Does it not all feel familiar? Speed, loyalty and rage are the defining features of modern media. But it’s not the great leaders who are the driving force – it is now all of us users. The logic of modern media, devoid of specific ideology, is driving each of us to adopt that fascist style, and in turn, find comfort in any leader that mirrors it back to us.

I’m most interested here in the idea of action, because this is the simplest for the modern politician to understand. Fascists have always worshipped action for action’s sake, because to think is to emasculate oneself with doubt, critical analysis, and reasonableness. “Action being beautiful in itself,” explains Eco, “it must be taken before, or without, any previous reflection”.

It would be difficult to write a better definition of a mad rampaging Twitter mob than this. And by that I include the multitudes that ‘call people out’ and think they are the good guys. I suspect the majority of people who shark around righteously demanding people be fired or cancelled rarely give much thought to the matter before their pronouncements. Absolute, instantaneous, and without reflection.

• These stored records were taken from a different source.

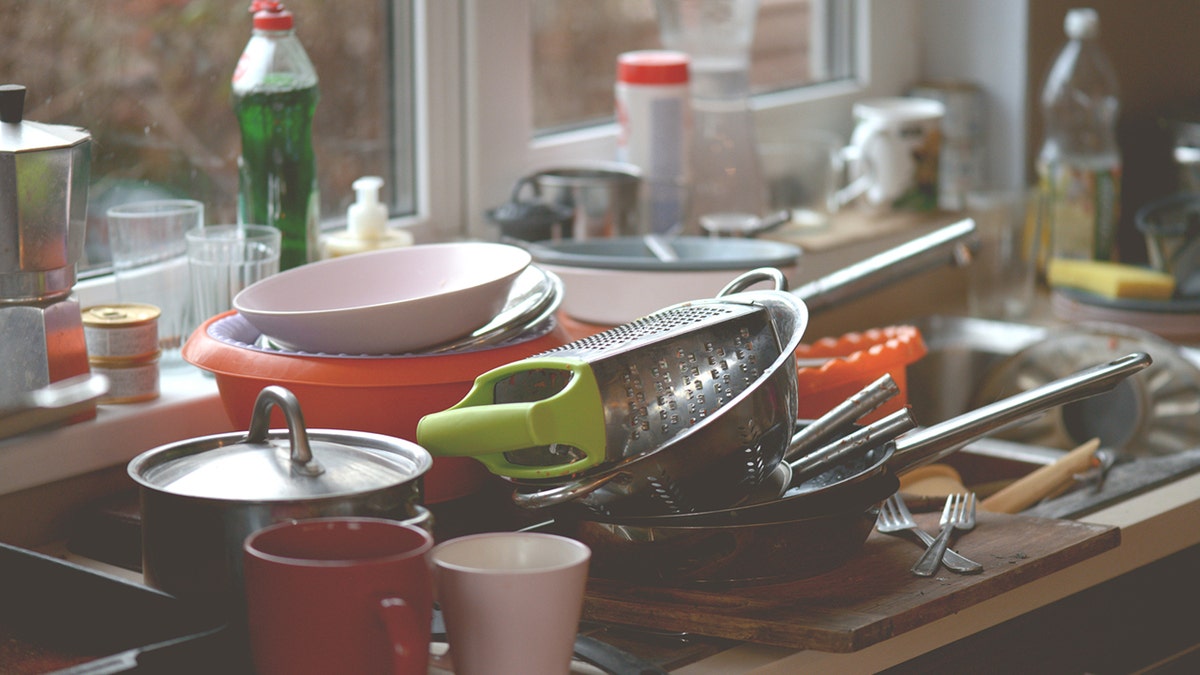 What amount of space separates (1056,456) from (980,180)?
0.85 metres

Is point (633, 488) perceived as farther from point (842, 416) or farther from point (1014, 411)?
point (1014, 411)

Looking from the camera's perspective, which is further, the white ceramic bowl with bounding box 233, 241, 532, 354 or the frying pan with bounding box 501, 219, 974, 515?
the white ceramic bowl with bounding box 233, 241, 532, 354

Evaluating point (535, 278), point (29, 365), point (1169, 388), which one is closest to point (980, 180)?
point (1169, 388)

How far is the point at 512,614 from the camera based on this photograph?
0.75 metres

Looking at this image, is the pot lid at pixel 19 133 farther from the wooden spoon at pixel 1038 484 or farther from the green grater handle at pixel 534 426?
the wooden spoon at pixel 1038 484

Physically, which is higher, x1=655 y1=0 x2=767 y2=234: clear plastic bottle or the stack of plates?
x1=655 y1=0 x2=767 y2=234: clear plastic bottle

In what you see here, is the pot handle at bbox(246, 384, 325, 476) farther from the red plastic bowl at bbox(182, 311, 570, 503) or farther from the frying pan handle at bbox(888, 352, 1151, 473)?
the frying pan handle at bbox(888, 352, 1151, 473)

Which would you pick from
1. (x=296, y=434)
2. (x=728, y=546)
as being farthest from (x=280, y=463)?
(x=728, y=546)

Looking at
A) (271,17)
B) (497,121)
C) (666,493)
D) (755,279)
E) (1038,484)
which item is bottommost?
(1038,484)

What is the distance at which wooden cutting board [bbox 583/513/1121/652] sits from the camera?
87 centimetres

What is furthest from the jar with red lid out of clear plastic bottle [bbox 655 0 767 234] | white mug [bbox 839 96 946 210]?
white mug [bbox 839 96 946 210]

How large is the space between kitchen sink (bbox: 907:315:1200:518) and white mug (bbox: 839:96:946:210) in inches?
7.5

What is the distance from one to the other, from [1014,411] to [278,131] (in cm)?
66

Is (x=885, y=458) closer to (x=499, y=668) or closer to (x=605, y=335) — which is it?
(x=605, y=335) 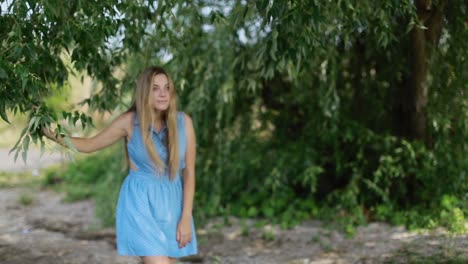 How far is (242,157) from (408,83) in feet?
5.64

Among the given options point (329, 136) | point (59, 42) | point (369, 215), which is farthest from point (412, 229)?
point (59, 42)

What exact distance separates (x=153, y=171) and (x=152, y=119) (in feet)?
0.85

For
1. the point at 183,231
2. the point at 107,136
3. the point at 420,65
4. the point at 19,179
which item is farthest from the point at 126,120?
the point at 19,179

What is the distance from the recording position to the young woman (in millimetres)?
3143

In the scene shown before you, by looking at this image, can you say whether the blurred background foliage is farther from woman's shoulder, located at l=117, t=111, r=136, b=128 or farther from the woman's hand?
the woman's hand

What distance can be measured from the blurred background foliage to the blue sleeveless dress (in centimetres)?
63

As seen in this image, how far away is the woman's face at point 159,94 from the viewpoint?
317 cm

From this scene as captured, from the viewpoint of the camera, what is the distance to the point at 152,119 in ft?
10.4

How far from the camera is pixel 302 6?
3.26 m

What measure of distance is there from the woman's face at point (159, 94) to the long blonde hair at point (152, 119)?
0.05ft

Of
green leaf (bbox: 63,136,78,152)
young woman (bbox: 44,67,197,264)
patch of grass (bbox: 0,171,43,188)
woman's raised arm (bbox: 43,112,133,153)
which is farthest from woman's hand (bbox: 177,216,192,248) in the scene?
patch of grass (bbox: 0,171,43,188)

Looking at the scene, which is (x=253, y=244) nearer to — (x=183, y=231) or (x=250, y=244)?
(x=250, y=244)

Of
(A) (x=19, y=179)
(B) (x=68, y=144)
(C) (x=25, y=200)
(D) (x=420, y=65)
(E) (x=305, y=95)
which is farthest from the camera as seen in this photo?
(A) (x=19, y=179)

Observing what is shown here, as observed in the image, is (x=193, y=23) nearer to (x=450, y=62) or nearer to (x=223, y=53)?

We are secretly coming to admire – demand, in fact – politicians that move quick and do something. Anything! It means they are cutting through the foggy confusion and draining noise that surrounds us. Donald Trump intuitively understands this. This is why his first few weeks were a blur of Executive Orders. They were generally popular too, not because of the content per se, but because he was a man of immediate action. If anything, I suspect the madder the Order, the more popular they were. Not even social mores or common sense or expert advice can get in the way of the man of action!

There is little doubt that a malaise now haunts many democracies: that nothing serious or meaningful can ever really change. Small boats can’t be stopped. Railways can’t be built. Spending can’t be cut. Bills can’t be reduced. Immigration can’t be managed. Prisons can’t be reformed. Fraud can’t be tackled. Bins can’t be collected and potholes can’t be filled. Even though almost every election and opinion poll tells politicians that these are the things people generally want, and we pay vast amounts of tax to pay for it all.